Once a new constitution has been drafted, the Society should send it to the Registrar of Incorporated Societies to record the Society as incorporated under the Act. If the Society is currently incorporated under the Charitable Trusts Act 1957, they may choose to stay incorporated under that Act rather than register under the new Incorporated Societies Act. Further, if a Society is registered with Charities Services under the Charities Act 2005, they must send their new constitution to Charities Services but will be incorporated under the new Incorporated Societies Act.

What happens if an Incorporated Society is no longer incorporated?
If a Society chooses not to register under the new Act and becomes unincorporated at the transition date, they will no longer be able to operate as an “Incorporated Society”. This brings a few changes to how they can operate and how the Society will be recognized under the law.

The consequences of this being that the operating members of the Society will be personally liable for any of the Society’s debts; the Society will not be able to borrow under its name or lease property as it is not a recognized legal entity; and the dissolution of the Society will be difficult. It is not recognized as a separate legal entity in perpetual existence without its members. Finally, without being incorporated under the Act, the Society will be bound to legal principles developed by the courts rather than having the ability to set formal, enforceable rules of their own accord.

For these reasons we consider that the advantages of incorporation far outweigh the disadvantages.

What are the penalties for non-compliance?
The registrar holds power to prosecute or issue infringement notices where a society or its officers do not perform their statutory duties. The Registrar may also undertake inspections of Incorporated Societies. It will be interesting to see how pro-active the Registrar becomes.
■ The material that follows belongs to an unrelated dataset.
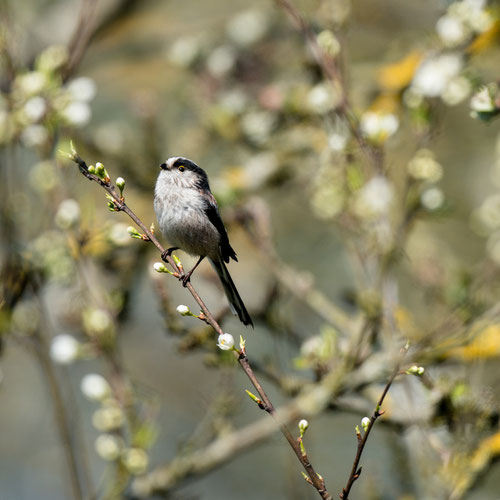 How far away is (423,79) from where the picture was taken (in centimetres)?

Infringement offences include:
o Failing to notify the Registrar of amendments to the constitution.
o Failing to hold meetings and keep minutes.
o Failing to register financial statements.

Serious offences under the Act include:
o Providing false statements.
o Fraudulent use or destruction of property.
o Falsification of records.
o Operating fraudulently or dishonestly incurring debts.

Will a lawyer be required to ensure compliance?
Although Societies should be able to operate administration tasks and keep records on their own or under a sub-committee, a lawyer may be required to ensure compliance with the new Act.

Lawyers will be required to review constitutions and incorporate any of the statutory requirements and can also assist with detailed legal advice to ensure that the Society and its officers are aware of their obligations under the new Act. Otherwise, Societies will be able to manage their duties without continued legal assistance.

Some grants may be available for Societies that do not have the ability to pay legal costs for reviewing their constitutions.

June 2022
Disclaimer: This article is an information piece only and not intended to be a substitute for legal advice.